In an enrichment analysis multiple categories are tested simultaneously. For each individual test the same significance threshold ($\alpha$) is used to judge if a category is significant. This means $\alpha$ is the probability to make a false positive prediction (Type-I-Error). Subsequently, each test has probability $\alpha$ to make a Type-I-Error.
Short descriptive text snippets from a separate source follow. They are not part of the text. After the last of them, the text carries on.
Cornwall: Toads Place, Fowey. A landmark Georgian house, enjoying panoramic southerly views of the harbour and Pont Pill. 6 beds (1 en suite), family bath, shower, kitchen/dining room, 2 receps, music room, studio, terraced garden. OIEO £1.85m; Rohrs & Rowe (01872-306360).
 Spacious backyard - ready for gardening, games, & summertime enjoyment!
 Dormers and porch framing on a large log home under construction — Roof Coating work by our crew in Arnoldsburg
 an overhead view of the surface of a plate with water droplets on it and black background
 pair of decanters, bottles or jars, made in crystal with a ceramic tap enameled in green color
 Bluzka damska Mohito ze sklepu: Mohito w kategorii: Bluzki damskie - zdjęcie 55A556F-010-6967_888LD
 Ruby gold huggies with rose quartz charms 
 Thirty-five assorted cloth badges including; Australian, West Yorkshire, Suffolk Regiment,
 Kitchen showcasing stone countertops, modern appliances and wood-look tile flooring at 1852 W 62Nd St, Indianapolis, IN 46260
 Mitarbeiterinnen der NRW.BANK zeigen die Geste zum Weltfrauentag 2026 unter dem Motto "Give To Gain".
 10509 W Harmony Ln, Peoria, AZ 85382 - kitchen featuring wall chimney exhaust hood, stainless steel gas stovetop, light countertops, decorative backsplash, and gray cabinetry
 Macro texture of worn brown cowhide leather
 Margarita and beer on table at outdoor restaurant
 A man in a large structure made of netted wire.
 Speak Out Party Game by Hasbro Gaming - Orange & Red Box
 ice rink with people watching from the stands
The problem with multiple testing is that this probability is accumulated.

For k tested hypotheses this probability can be defined as:

$$P(\text{at least one significant result}) = 1-(1-\alpha)^k$$

Generally, there are two measures that are used to correct raw p-values for this problem: the family-wise error rate (FWER) or the false discovery rate (FDR).

### Family-wise error rate (FWER)

The family-wise error rate (FWER) is the probability of making at least one false positive prediction, or Type-I-Error, among all the tested null hypotheses.

$$\text{FWER} := Pr(|FP| > 0)$$

### False discovery rate (FDR)

The false discovery rate (FDR) can be defined as the expected proportion of incorrectly rejected null hypothesis among all rejected ones multiplied by the probability of getting at least one significant result [1].

$$FDR=E\left(\frac{FP}{FP+TP} |\, (FP+TP) > 0\right)Pr((FP+TP) > 0)$$

In contrast to the FWER the FDR allows to tolerate a certain number of tests to be incorrectly discovered [2].

Storey et al. [3] propose an similar definition called positive false discovery rate (pFDR) that assumes that at least one test has a positive finding. Accordingly the authors argue that cases where no test is significant are not of importance.

$$pFDR=E\left(\frac{FP}{FP+TP} |\, (FP+TP) > 0\right)$$

### FDR or FWER?

Under the assumption that all null hypotheses are true the FDR and the FWER are equivalent, since $TP = (TP + FP)$ gives us [4]:

$$FDR = E\left(\frac{FP}{FP+TP}\right) = 1 \times Pr\left(\frac{FP}{FP+TP} = 1\right) = Pr((FP+TP) > 0)$$

If this is not the case FDR-controlling adjustments are less strict than adjustments controlling the family-wise error rate and thus have in general more statistical power [4], [5].

In the following sections methods are described that can be used to control the FWER and the FDR under certain assumptions. Methods should be chosen carefully in order to avoid unwanted complications.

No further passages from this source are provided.